>>>>

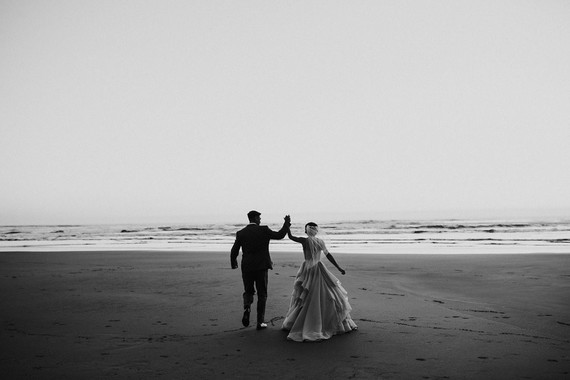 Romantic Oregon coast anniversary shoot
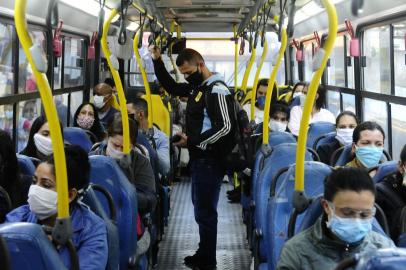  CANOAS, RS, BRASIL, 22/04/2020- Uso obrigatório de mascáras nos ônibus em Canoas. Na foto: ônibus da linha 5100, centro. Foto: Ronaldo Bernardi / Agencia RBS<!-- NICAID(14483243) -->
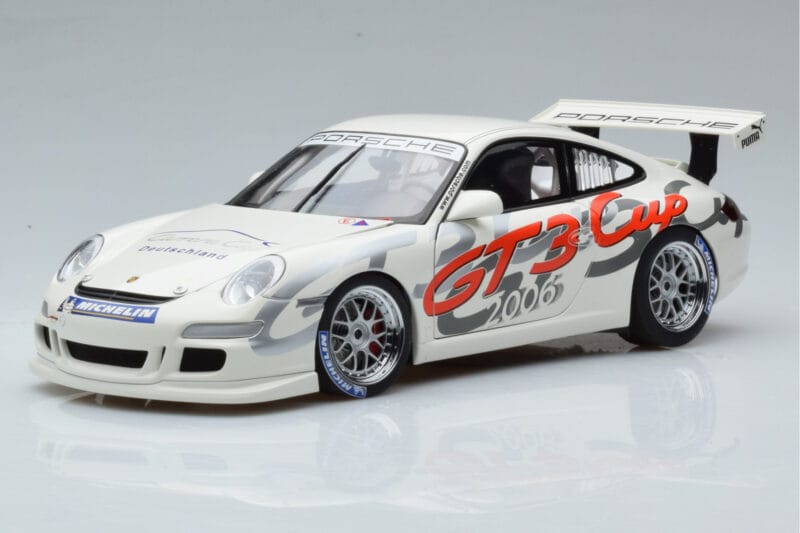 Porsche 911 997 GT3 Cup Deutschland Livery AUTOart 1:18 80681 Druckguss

<<<<

WHAT IS REQUIRED: An unchanged copy of the data, images excluded, is all that should be given.

RESULT OF THIS EXERCISE:
 Romantic Oregon coast anniversary shoot
  CANOAS, RS, BRASIL, 22/04/2020- Uso obrigatório de mascáras nos ônibus em Canoas. Na foto: ônibus da linha 5100, centro. Foto: Ronaldo Bernardi / Agencia RBS<!-- NICAID(14483243) -->
 Porsche 911 997 GT3 Cup Deutschland Livery AUTOart 1:18 80681 Druckguss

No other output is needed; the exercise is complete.